During the first years of the administration, Secretary of State Cyrus Vance met with Soviet officials both in Washington, D.C. and abroad, but as the administration progressed, Assistant to the President [Page VIII]for National Security Affairs Zbigniew Brzezinski, a Soviet expert, played a central role in the administration’s policy formulation towards the Soviet Union. Brzezinski’s voice became the dominant one during the last year of the administration with the Soviet invasion of Afghanistan culminating in years of increasing concern over the extension of Soviet power into Africa and Asia.

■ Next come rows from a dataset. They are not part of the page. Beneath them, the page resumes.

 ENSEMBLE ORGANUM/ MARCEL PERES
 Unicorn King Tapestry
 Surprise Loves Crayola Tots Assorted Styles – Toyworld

President Carter brought into office an emphasis on human rights and a determination to include this issue as a major consideration in American foreign affairs. This emphasis was not well-received by the Soviets, who saw it as an intrusion into their internal matters, especially with respect to the issue of Jewish emigration from the Soviet Union, which became a major issue of contention. Carter’s emphasis on human rights contributed to a decline of détente by the end of his presidency. During the final year of the Carter administration, détente and the relationship with the Soviet Union withered, overshadowed by domestic economic problems and the hostage crisis in Iran, and weakened by the many areas of contention between the Soviet Union and the United States.
The editor wishes to acknowledge the assistance of officials at the Carter Library, Atlanta, Georgia. Special thanks are due to the Historical Staff of the Central Intelligence Agency, who were extremely helpful in arranging full access to the files of the Central Intelligence Agency. Melissa Jane Taylor collected, selected documentation, and edited the volume under the supervision of M. Todd Bennett, Chief of the Europe and General Division, and Edward C. Keefer, former General Editor of the Foreign Relations series. Kristin L. Ahlberg, Assistant to the General Editor, reviewed the volume. Dean Weatherhead coordinated the declassification review, under the supervision first of Susan C. Weetman and later Carl Ashley, who both served as Chief of the Declassification and Publishing Division. Stephanie Eckroth, Vicki E. Futscher, and Erin F. Cozens did the copy and technical editing. Do Mi Stauber, Inc. prepared the index.